> _Data shown_:
-- Opening Marker --

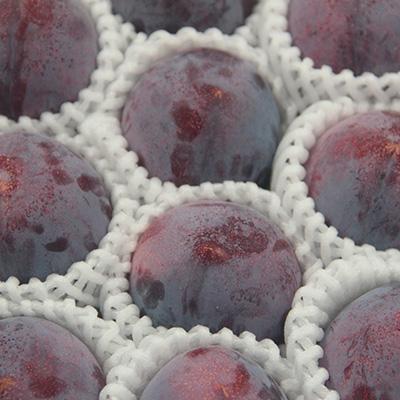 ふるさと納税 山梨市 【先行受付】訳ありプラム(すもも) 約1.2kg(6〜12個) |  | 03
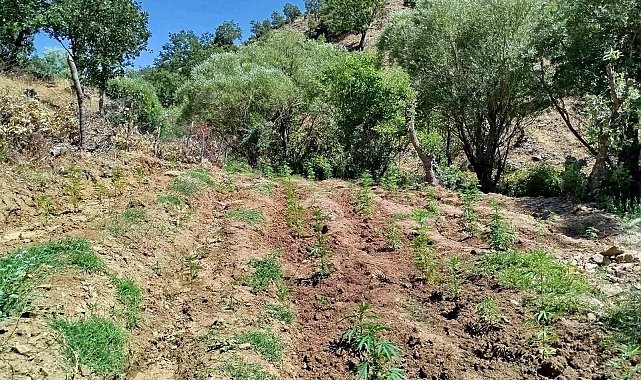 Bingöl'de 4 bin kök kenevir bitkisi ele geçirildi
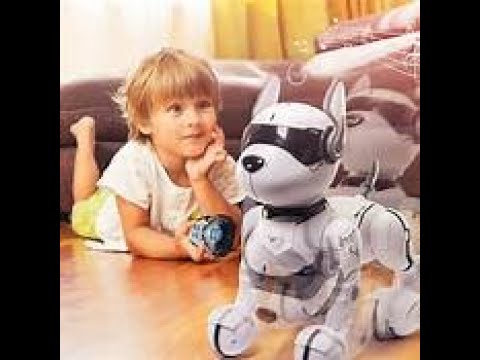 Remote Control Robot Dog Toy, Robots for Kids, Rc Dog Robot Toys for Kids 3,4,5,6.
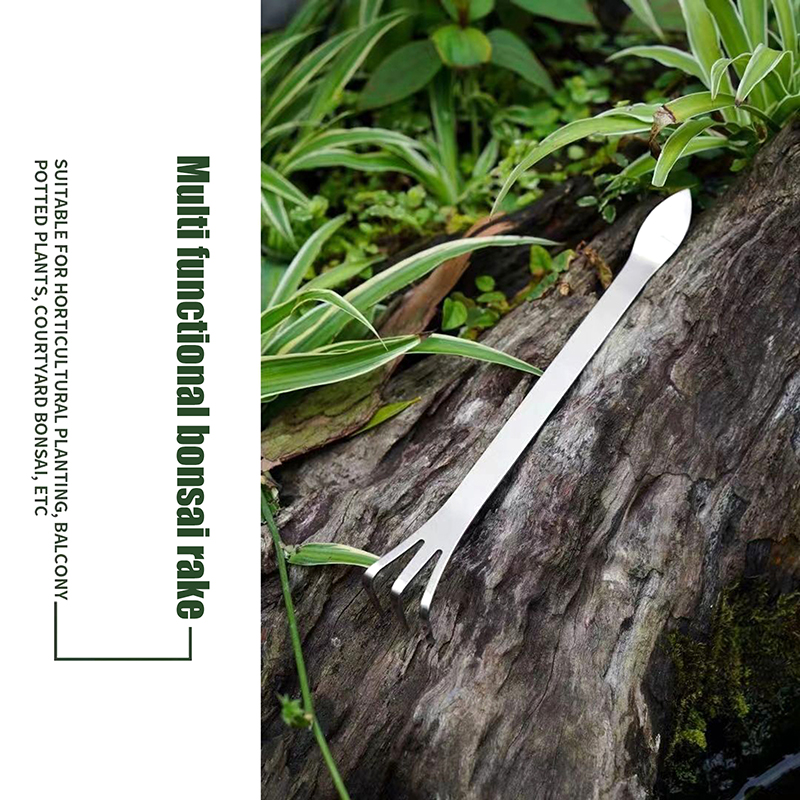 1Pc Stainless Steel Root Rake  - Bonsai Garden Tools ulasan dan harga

-- Closing Marker --

> _About this exercise_: Copy out every line of the data above, taking care to leave the pictures out.

> _Solution to this task_:
 ふるさと納税 山梨市 【先行受付】訳ありプラム(すもも) 約1.2kg(6〜12個) |  | 03
 Bingöl'de 4 bin kök kenevir bitkisi ele geçirildi
 Remote Control Robot Dog Toy, Robots for Kids, Rc Dog Robot Toys for Kids 3,4,5,6.
 1Pc Stainless Steel Root Rake  - Bonsai Garden Tools ulasan dan harga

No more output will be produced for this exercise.